Утром были охи, ахи, рукопожатия, улыбки. Мне выдали денежную премию. На нее можно было купить рубаху или брюки. Так поначалу я и хотел поступить. Очутившись на базаре, не удержался — истратил все до копейки на продукты, в основном на сладости.
Сторожем я проработал до осени. Летом на пляже, поглядывая на отдыхавших, спрашивал себя, кто они — эти изнеженные женщины и мужчины без пулевых и осколочных отметин на теле. О войне эти люди почти не говорили, а если и говорили, то вскользь, равнодушно. Мужчины были с животиками, в панамах или бумажных колпаках, женщины — в ярких купальниках, подчеркивавших их прелести. Искупавшись, мужчины и женщины, сбившись в тесный кружок, принимались закусывать: на разостланной газете появлялись темные бутылки с яркими этикетками, мясистые помидоры, огурцы, яблоки, груши. Сдирая наманикюренными пальцами кожицу с груш, женщины откусывали понемногу и только пригубляли вино, мужчины же, опрокинув по стакану, с жадностью набрасывались на закуску, пили и жрали до тех пор, пока не затуманивались глаза. Было противно смотреть на этих сытых, довольных жизнью людей. Возникало желание подойти и спросить, где, на каких фронтах они воевали, а если не воевали, то почему. Но я понимал: меня просто-напросто пошлют туда, куда я и сам посылал настырных, неприятных мне людей.

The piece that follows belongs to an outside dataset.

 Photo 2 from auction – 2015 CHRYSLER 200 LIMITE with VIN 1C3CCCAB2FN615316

В Сочи было несколько госпиталей, в которых долечивались те, кому всю оставшуюся жизнь предстояло ходить, держа под мышками костыли, передвигаться на тележках с подшипниками или на колясках — сперва с велосипедными колесами, впоследствии на более усовершенствованных средствах, вплоть до автомашин с ручным управлением.

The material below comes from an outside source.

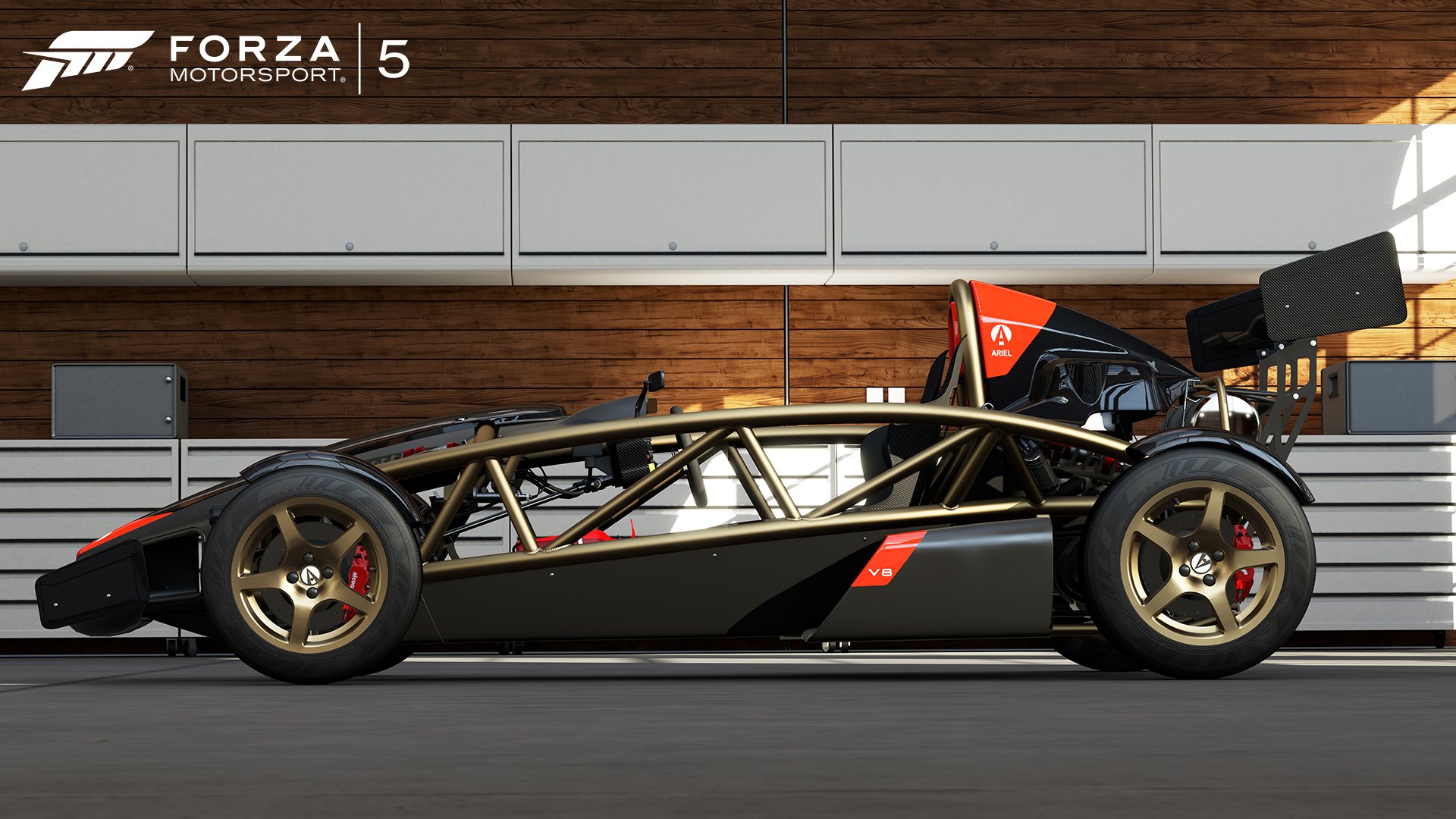 Forza Motorsport 5 (Day One Edition) - Imagen 32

Сквозь толстые прутья ограды я видел инвалидов. Они или сидели на скамейках, расположенных в углублениях декоративного, аккуратно подстриженного кустарника, или же полулежали в креслах с высокими спинками. Около тех, кто сидел на скамейках, были костыли. Иногда инвалиды в креслах выпрямлялись, начинали медленно прокатываться по хорошо утрамбованным дорожкам, вращая колеса руками. Чаще смотрели на тех, кто сидел, закрыв глаза, заложив за голову сильные, натруженные руки. Почему-то казалось: эти люди думают о своем будущем, о той нелегкой жизни, которая ожидает их. «Есть ли у них жены, девушки?» — спрашивал я себя и отвечал, что только матери будут до конца своих дней оберегать сыновей, потакать им, роняя тайком слезы, а жены и девушки… Дай-то бог, чтобы среди них оказались преданные. Ведь недаром поют: «Жена найдет себе другого, а мать сыночка никогда».

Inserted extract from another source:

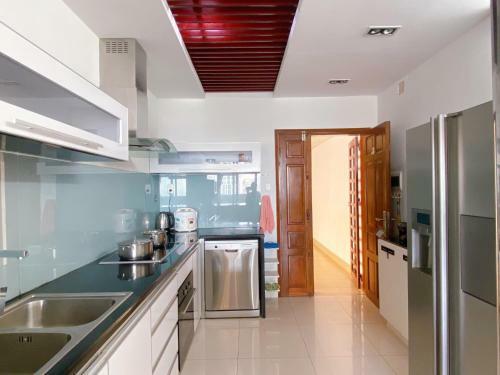 Apartamento Ngh? D??ng Cho H? Gia ?�nh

Глядя на безногих, парализованных, я думал, что сам мог бы очутиться на их месте. Но мне повезло. И как только я мысленно произносил «мне повезло», в душе возникал протест. «Повезло?» — усмехался я и вспоминал Болдина, мужчин, пирующих в обществе красивых женщин. Иногда я начинал завидовать тем, кто лежал в братских могилах: они не голодали, не встречались каждый день с лишениями, не видели тех, кто сумел и от фронта отвертеться, и жил теперь во сто крат лучше фронтовиков. Нет, в мирной жизни не было справедливости, гармонии — того, о чем на фронте мечтали все, и в особенности безусые парнишки, ничего не смыслившие в жизни, неожиданно столкнувшиеся с грубостью, жестокостью, но не растерявшие, несмотря ни на что, веры в добро, справедливость, честность.